WHAT YOU HAVE TO DO – Restate the data below word for word, and let no image into your version.

DATASET EXTRACT –
* * *

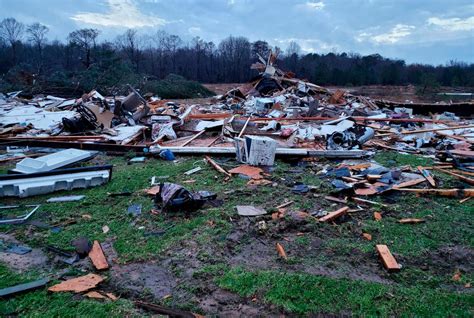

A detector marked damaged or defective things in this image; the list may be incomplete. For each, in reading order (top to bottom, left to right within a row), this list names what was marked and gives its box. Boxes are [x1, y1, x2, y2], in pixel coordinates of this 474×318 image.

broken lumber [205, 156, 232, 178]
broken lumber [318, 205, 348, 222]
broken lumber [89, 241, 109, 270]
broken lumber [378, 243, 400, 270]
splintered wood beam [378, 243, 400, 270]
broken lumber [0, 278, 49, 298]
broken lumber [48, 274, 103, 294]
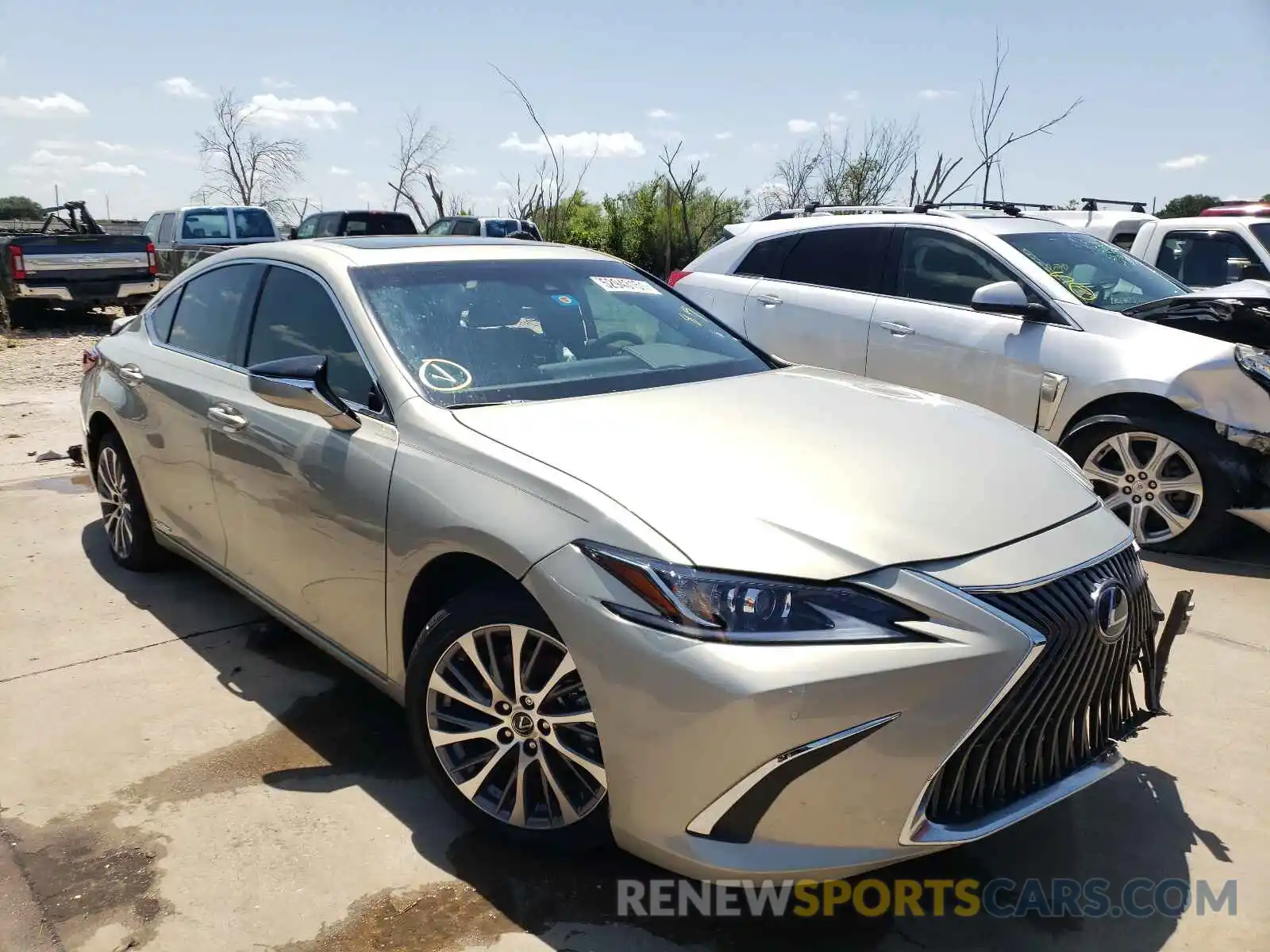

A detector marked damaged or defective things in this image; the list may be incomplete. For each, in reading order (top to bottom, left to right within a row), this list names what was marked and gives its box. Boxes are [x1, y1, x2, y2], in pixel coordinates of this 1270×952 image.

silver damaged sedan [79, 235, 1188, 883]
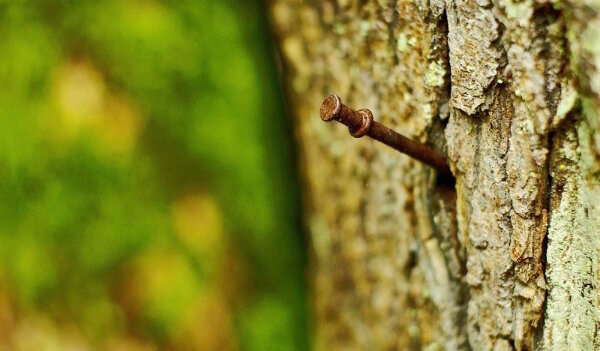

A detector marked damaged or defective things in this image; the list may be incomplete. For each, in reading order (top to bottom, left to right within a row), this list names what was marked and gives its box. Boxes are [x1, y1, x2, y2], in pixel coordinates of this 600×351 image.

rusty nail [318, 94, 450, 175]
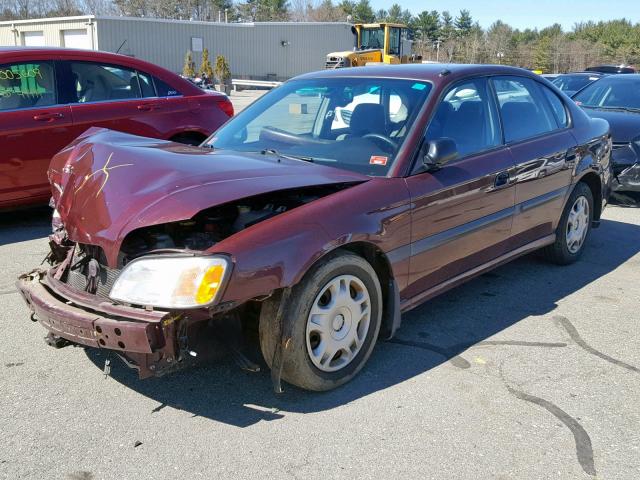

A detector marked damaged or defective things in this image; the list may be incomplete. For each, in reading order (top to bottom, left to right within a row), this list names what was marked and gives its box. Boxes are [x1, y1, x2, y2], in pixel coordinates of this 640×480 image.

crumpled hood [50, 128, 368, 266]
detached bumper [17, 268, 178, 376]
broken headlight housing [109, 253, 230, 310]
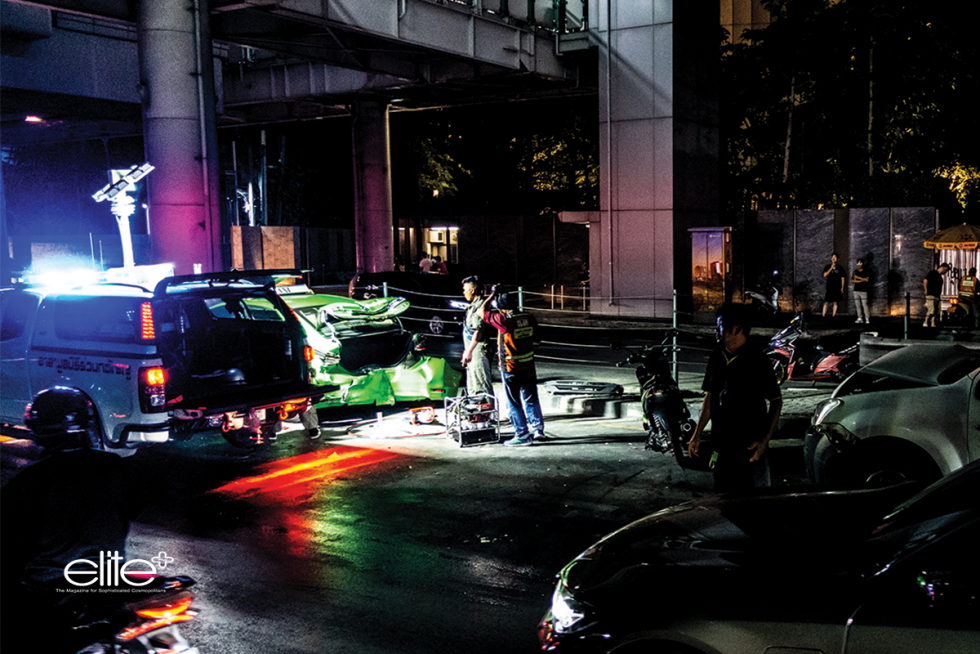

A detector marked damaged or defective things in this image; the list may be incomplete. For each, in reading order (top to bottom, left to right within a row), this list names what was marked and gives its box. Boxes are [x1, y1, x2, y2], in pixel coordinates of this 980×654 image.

* * *

ANSWER SPACE –
A detector marked damaged or defective things in this image; the list may be incomplete. For each, in reading order (top to bottom, left to right within a row), this list names what was marked and gives its box. Boxes are [x1, y1, x2, y2], in pixel coordinates of this 474×318 image.

broken lumber [205, 156, 232, 178]
broken lumber [318, 205, 348, 222]
broken lumber [89, 241, 109, 270]
broken lumber [378, 243, 400, 270]
splintered wood beam [378, 243, 400, 270]
broken lumber [0, 278, 49, 298]
broken lumber [48, 274, 103, 294]

A detector marked damaged or defective things in this image; the list may be incomplete. For each, in reading order (top to bottom, left to right within a row), this list names what was marked and gives its box. Boxes are [x1, y1, x2, y2], in pixel coordinates of this 1270×952 image.

silver damaged sedan [79, 235, 1188, 883]

A detector marked damaged or defective things in this image; the list may be incomplete. For each, in reading order (top to bottom, left to right within a row), this list names what was marked and gives its box. Boxes are [x1, y1, x2, y2], in pixel coordinates of this 600×351 image.

rusty nail [318, 94, 450, 175]

A detector marked damaged or defective things in this image; the list may be incomplete. For each, in reading order (top to bottom, left to right within a row), this list names what was marked and gives its box. Boxes are [x1, y1, x2, y2], in pixel coordinates of this 640×480 image.

crumpled hood [50, 128, 368, 266]
detached bumper [17, 268, 178, 376]
broken headlight housing [109, 253, 230, 310]

A detector marked damaged or defective things in this image; the list may be incomplete. For each, in reading order (top to bottom, left to right within a row), this list names what was marked and gives its box. Boxes are [x1, y1, x2, y2], in pixel coordinates of this 980×654 image.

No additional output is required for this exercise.